Efficiently Modeling Long Sequences with Structured State Spaces: S4

The central problem in sequence modeling is efficiently handling data that contains long-range dependencies (LRDs).

Background: State Spaces

2.1 SSMs: A Continuous-time Latent State Model

The SSM is defined by the simple equation (1). It maps a 1-D input signal $u(t)$ to an N-D latent state $x(t)$ before projecting to a 1-D output signal $y(t)$ .

\begin{gather*} x'(t) = Ax(t) + Bu(t) \\ y(t) = Cx(t) + Du(t) \end{gather*}

It is related to latent state models such as Hidden Markov Models.
The goal is to use the SSM as a black-box representation in a deep sequence model, where $A$ , $B$ , $C$ , $D$ are parameters learned by gradient descent.

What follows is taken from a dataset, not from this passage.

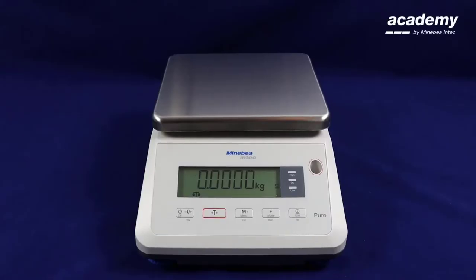Hello and welcome to Puro. In this video we will be demonstrating the check weighing application. The purpose of this application is to check whether sample weights correspond to a specified target weight.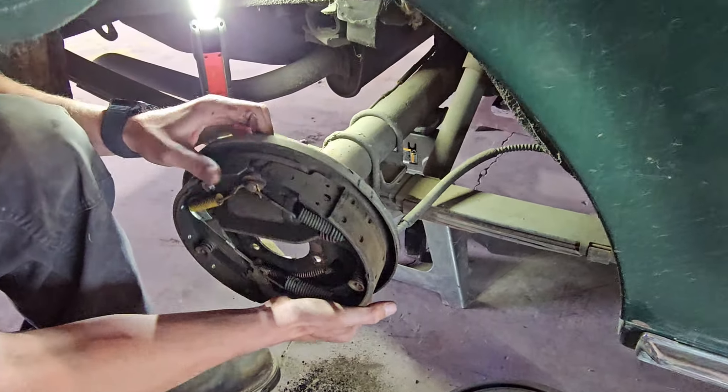We're going to be removing the old master cylinder. We have a couple of lines going into it with fittings, so we need to take those off, and there are two bolts going into the firewall that we have to pull out. You also have to disconnect the piece hooked to your brake pedal on the inside. Right now I'm removing the old brake pedal so that we can install the new one that works with the new master cylinder.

Addressing Long-Range Dependencies with HiPPO

HiPPO theory of continuous-time memorization.
HiPPO specifies a class of certain matrices $A \in \mathbb{R}^{N \times N}$ that, when incorporated into (1), allow the state $x(t)$ to memorize the history of the input $u(t)$ .
The most important matrix in this class is defined by equation (2), which we call the HiPPO matrix.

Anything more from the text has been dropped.